How hypocritical were men in the society, he thought. The daughters and sisters of others didn't matter even if the most heinous of crimes were being perpetrated against them, but when one's own daughter or sister was hurt or violated, then the perpetrator deserved nothing short of a painful death.

"Mayra?" He whispered.

She turned her head in his direction, yet did not look at him as she whispered, "yes?"

"Shouldn't those who do wrong deserve to be punished?" Aamir asked, his voice choking up with unshed tears.

Mayra looked away. She knew to what and to whom he was referring, but she couldn't answer. Her heart wanted justice, she needed it, but she had learned the hard way that wanting something wasn't necessarily enough for one to get it. She had wanted to be treated with dignity, if not love, she had wanted her family to give her respect, if not her right. Yet here she was, being treated in the best hospital, in the best possible way, at the mercy of her once abusive husband.

How miserable did that make her?

"I..I don't know." She replied.

A tear ran down Aamir's face, unheeded, as he thought of how low Mayra's self-confidence had sunk, or how low her opinion of him had sunk, that she couldn't truthfully reply. The silence in the room was screaming the untold truth that lay between them like an unbridged cliff, separating them both, tearing them apart.

He was an abusive husband, and she was a victim of physical, mental and emotional brutality.

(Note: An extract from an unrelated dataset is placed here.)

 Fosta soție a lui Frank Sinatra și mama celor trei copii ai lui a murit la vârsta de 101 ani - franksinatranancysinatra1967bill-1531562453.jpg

You think it will be easy. You think you will develop self-control and restraint in the blink of an eye. You are mistaken, gravely mistaken, for you are about to undertake the most difficult challenge of your life. And the hardest thing to do would be to try to forgive yourself.

He'd never thought that he would agree with that crazy counsellor, but more than anything else, Aamir started to realize that man had been hitting the bull's eye. He really did think it was going to be easy, or at least not as hard as it turned out to be.